1. The ability to reframe our situation more positively

2. The ability to experience gratitude

3. To choose to be kind and generous

Reframing Our Situations Positively

How does one reframe a situation in a more positive manner? The Dalai Lama had to flee his home in Tibet because of Chinese aggression. How has he reframed this experience? It seems that, without minimizing the loss, he realized that in some ways it gave him greater freedom. He had more access to the people, could be less formal, could engage more with other cultures, and could broaden his knowledge and ultimately, expand Buddhism itself.  The Archbishop struggled through apartheid and came out believing that the struggle was worth the freedoms and equality Africans now experience. It gave him the opportunity to speak out, become a leader, and cultivate patience and optimism.They both serve as examples in how to reframe our own difficult experiences. We can each challenge ourselves to find meaning in our experiences, positive and negative. We can ask: What was there to learn and in what ways have we grown? How can our experience frame new ways of being in the future?This happens all the time when I work with clients. We process difficult experiences. Those that can accept their reality and find meaning, can move on. Others who struggle with denial or anger, get mired in negativity. If, without denying the harm done to you, you can also forgive others, you can free up enormous energy, experience more ease and create new opportunities for yourself.  

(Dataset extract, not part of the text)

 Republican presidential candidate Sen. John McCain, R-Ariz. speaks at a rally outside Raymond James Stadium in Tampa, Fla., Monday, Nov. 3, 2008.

It is much easier to focus on the negatives in our lives than the positives. We are, in fact, primed to attend to negatives. Our biological imperative is to survive, and we are wired to notice when something is amiss. That’s the job of our fear center, the amygdala, on alert 24/7, constantly checking to see if danger is near + if we’re safe of not.   Of course, we need it, but it does skew things. In response, we have to consciously account for the positive things, so we can balance out the negative appraisals that happen automatically.   This can helps us have a more realistic appraisal of our experiences. I find it helpful to acknowledge the things I’m grateful for first thing in the morning. Or, you might like the morning gratitude prayer of Thich Nhat Hahn which one of my friends often recites. I think making this a routine practice gives us more lightness and genuine appreciation for all the ways our lives harvest ease and privilege.  

Choosing to be Kind and Generous

I think the biggest obstacle to being kind and generous is the tendency to see yourself as a victim. To then feel your anger/unkind gestures are justified because of someone else’s behavior. While people do act in ways that are unthoughtful or unkind, let that be a statement of their character. We can realize it’s not about us, not our faults. We can feel what we feel, because something hurtful has happened, but learn to be thoughtful about our responses. I think it is that, a moment of pause, that allows us to consciously choose to be kind. A long time ago, I read a statement by Dr. Wayne Dyer that has stuck with me: “When given the choice between being right or being kind, choose kind.” This is something we can all aspire to practice.